Thinking about it, I realized how much power I have as a black tourist in their country, to shape or influence their minds. The media had the power to influence the way they think but I have the power to show them that as a black person, “gangsterism” is not our default lifestyle. When that deaf guy walked towards me on the train showing those signs, I could have done something silly or harmful, then show him some gang’s signs to say “we are gangsters, don’t mess with us fool!” and that is something which would confirm his believe that we are nothing more than gangsters but being understanding about it and behaving in a way that shows maturity, would definitely make them think differently of us, I believe.
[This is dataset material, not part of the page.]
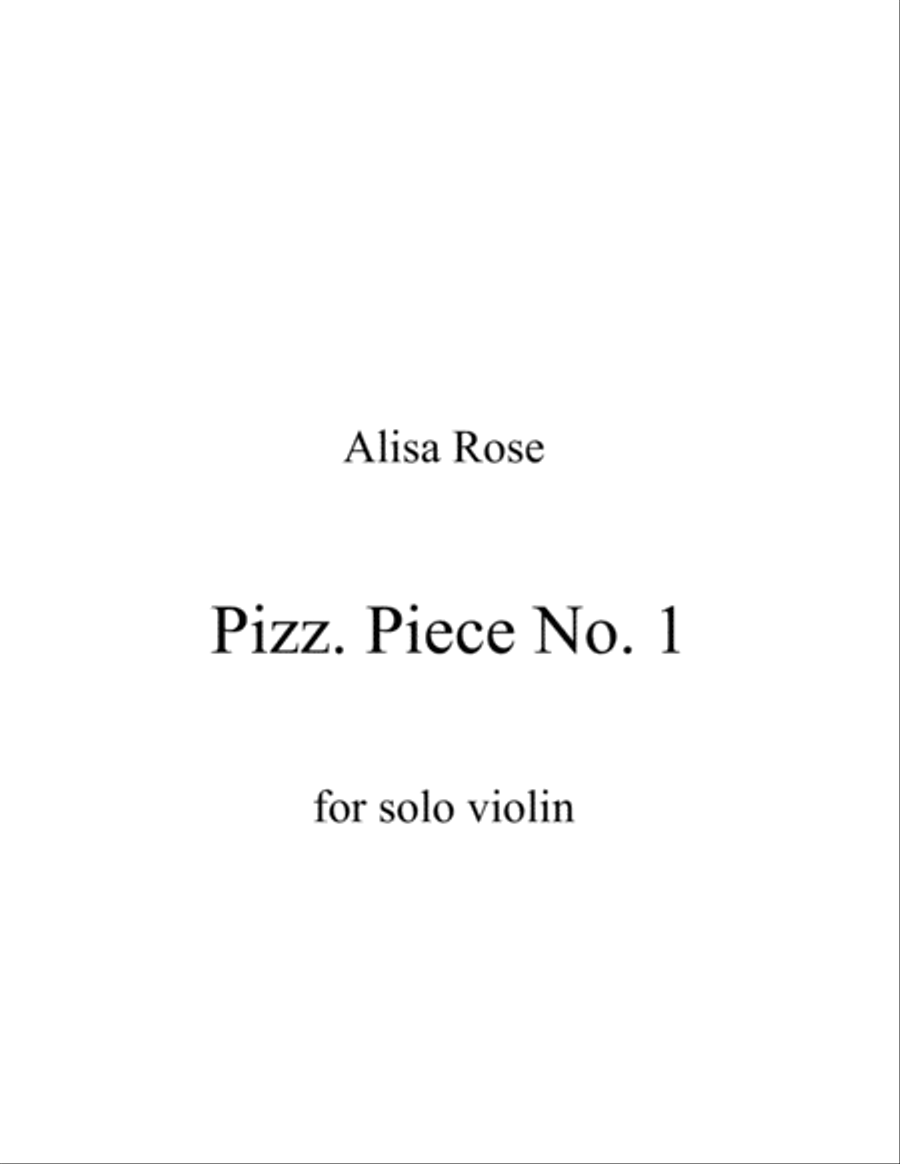Pizz Piece No. 1 Violin Solo scores gallery preview page 1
You sometimes wonder what the locals are saying to each other when you see them laughing, and pointing at you to their friends. To be a traveler to international countries, it calls for one to exercise some sense of serenity – “accept with serenity the things that cannot be changed, Courage to change the things which should be changed, and the Wisdom to distinguish the one from the other.” This famous saying is a must for travelers to know, if they ever find themselves in this situation. India is a large country so my power would only have a tiny impact on the whole population but it is known that big impacts usually started somewhere very small.
Sunday, March 14, 2010
(Photo taken from: http://www.outlookindia.com/article.aspx?261617)
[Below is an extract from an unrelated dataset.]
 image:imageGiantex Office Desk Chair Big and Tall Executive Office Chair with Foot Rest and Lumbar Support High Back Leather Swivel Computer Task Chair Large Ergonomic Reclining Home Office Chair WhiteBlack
Recently there were uproars in India about the Women’s reservation Bill. I do not know much about it but I did some research. The bill was proposed several years ago but was not passed. The bill was reintroduced recently, to mark the International Women’s Day which was on March 8th.
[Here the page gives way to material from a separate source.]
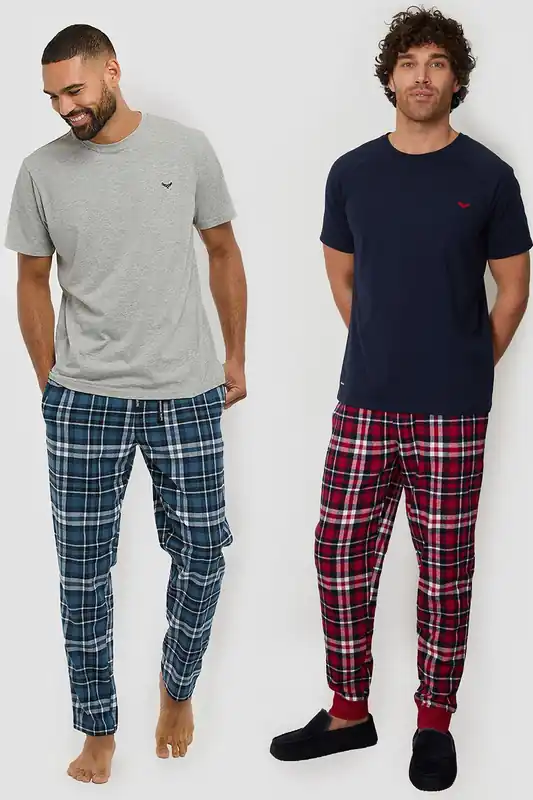 2-Pack Short Sleeve Top & Check Pants Pyjama Sets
Now, here is the interesting part… Some MPs who opposed the bills created some commotions, grabbing at papers, tearing it up in the house of parliament and it had to be postponed. See for yourself here: http://www.youtube.com/watch?v=d-uyYOOB_Es
From my research, here is what I found: The bill would give women a higher percent of the seats in parliament but some groups are opposing it as they felt that giving women that too many seats will only cause problems and help the elitist’s women group gain political power. Others also opposed it because they felt it doesn’t appropriately reflected fairness for all women – that makes me wonder about women’s with disabilities. Are thy involved in the bill, does the bill help gives women with disabilities a fair access to a seat in parliament?
I have noticed here that the men are mostly the decision makers. Here the deaf guys on the staffs believe that they work harder than the women, and because the women are in the office most of the time. Some of them refused to do the job of the women in the office and most of them believed that cooking, cleaning and washing is reserved for women only. I can only hope that such believe is not possessed by the majority of the men in this country.
About the bill and why the fuss: http://www.rediff.com/news/2005/aug/24spec2.htm
About what happened last week: http://globalvoicesonline.org/2010/03/09/india-womens-bill-stirs-up-a-hornets-nest-on-international-womens-day/
I boarded the “handicapped” section of the train one morning, hot and sweaty and was hoping for the rain to come by with its coolness to this city; to rinse out the everlasting pollution out of the air. I noticed an old guy, looking as cool as cucumber, legs crossed, wearing sandals with trouser and a buttoned-down shirt. He had a well trimmed, white beard and moustache. I sat a few inches away from him and he smiled. A few minutes later, a deaf guy I know hopped on the train and the guy beside me waved to him. The deaf guy waved back then wave to me. The old guy looked at me smiling then asked the deaf guy “He is deaf too?” The deaf guy told him yes and he greeted me by shaking my hand and let me know he was deaf too.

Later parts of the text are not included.